> _WHAT IS NEEDED_:
Return only what runs from the line containing "100 Pieces Baby" through the last line of the entries below, exactly, omitting pictures.

[Caption-style text data]

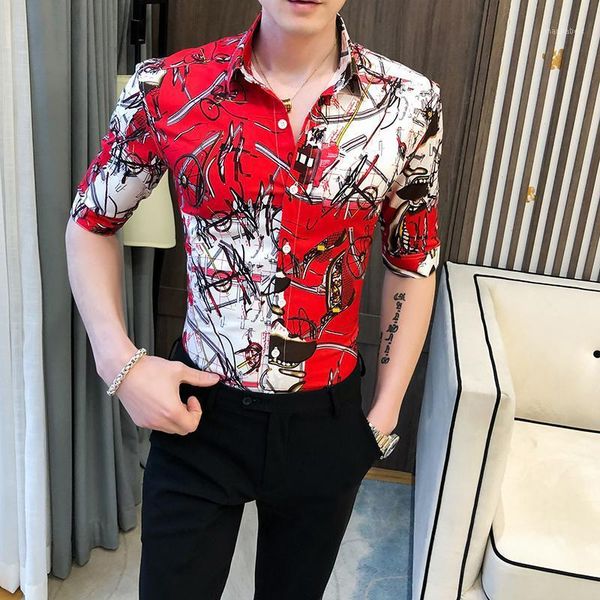 casual shirt british style print middle sleeve men shirts social trend handsome blouse male summer new arrival red1, White;black
casual shirt british style print middle sleeve men shirts social trend handsome blouse male summer new arrival red1, White;black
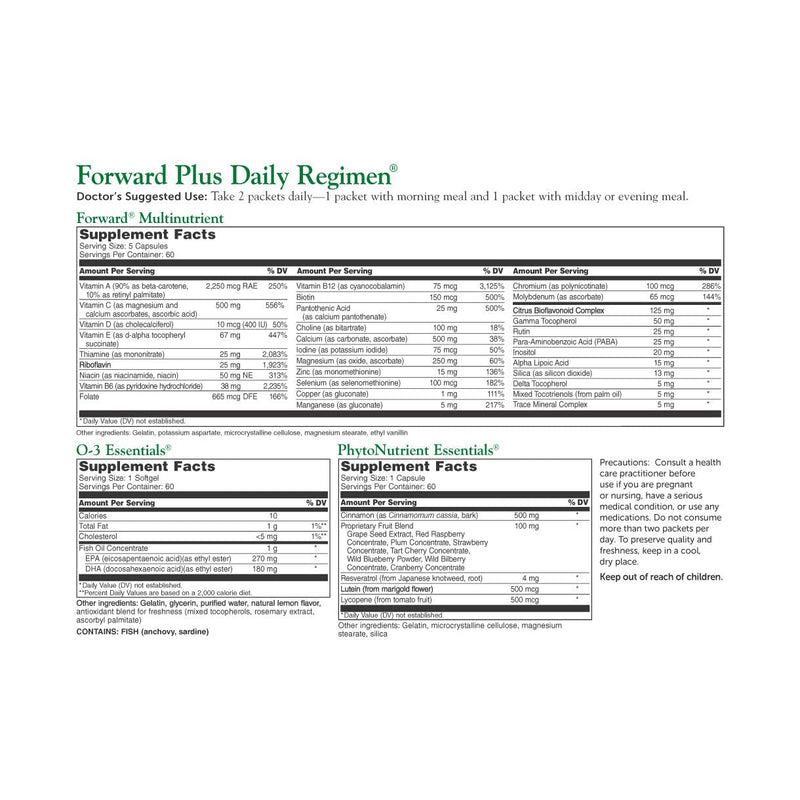 Dr. Whitaker's Forward Plus Daily Regimen – Comprehensive Multivitamin (60 Packets, 30-Day Supply)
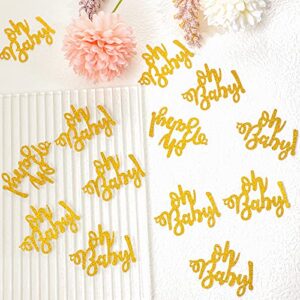 100 Pieces Baby Confetti Decors Gold Glitter Baby Scatter Table Confetti Baby Cupcake Toppers Cute Baby Shower Paper Confetti for Baby Shower Gender Reveal Baby Birthday Party Decoration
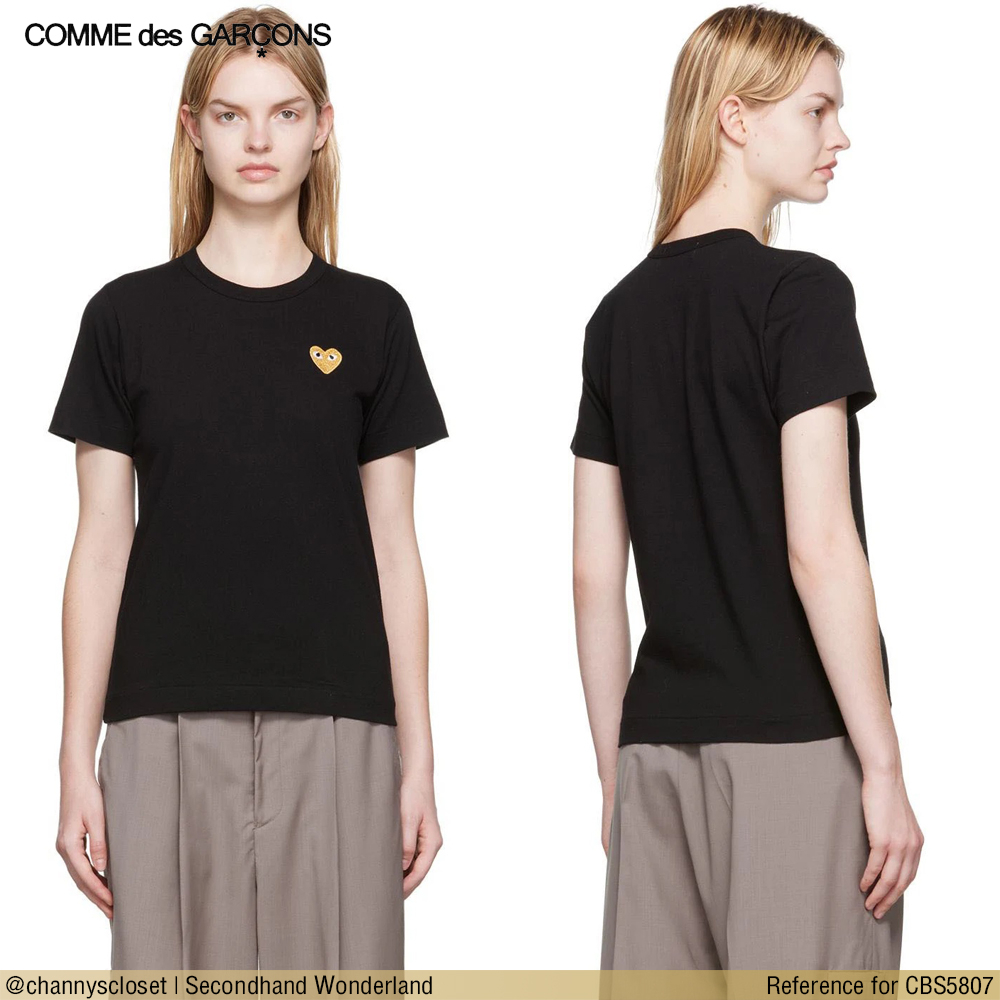 💖USED Comme des Garcons Play - Black Heart T-Shirt | เสื้อยืดสีดำ สีทอง ลายปัก หัวใจ แขนสั้น คอกลม สายฝอ แท้ มือสอง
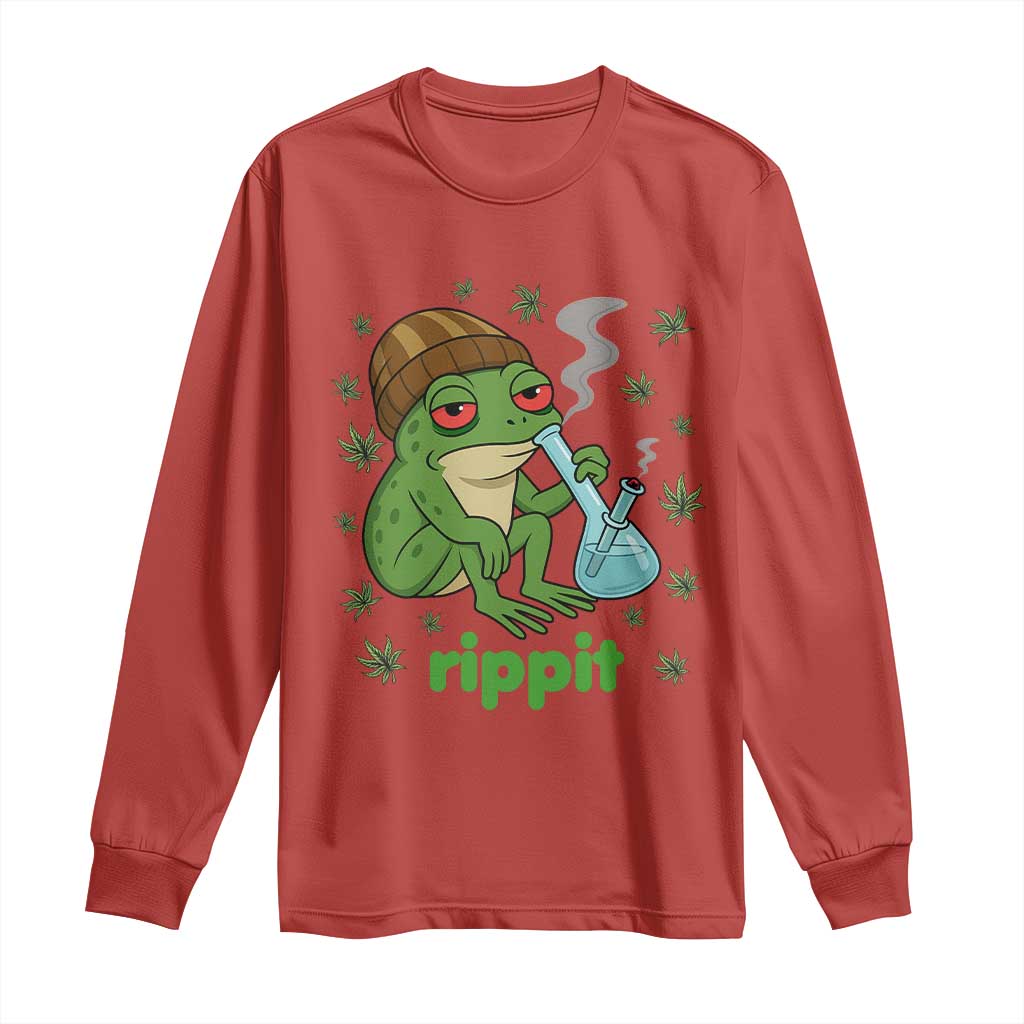Rippit Frog Long Sleeve Shirt Funny 420 Stoner Weed Humor - Wonder Print Shop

> _RESULT OF THE TASK_:
 100 Pieces Baby Confetti Decors Gold Glitter Baby Scatter Table Confetti Baby Cupcake Toppers Cute Baby Shower Paper Confetti for Baby Shower Gender Reveal Baby Birthday Party Decoration
 💖USED Comme des Garcons Play - Black Heart T-Shirt | เสื้อยืดสีดำ สีทอง ลายปัก หัวใจ แขนสั้น คอกลม สายฝอ แท้ มือสอง
Rippit Frog Long Sleeve Shirt Funny 420 Stoner Weed Humor - Wonder Print Shop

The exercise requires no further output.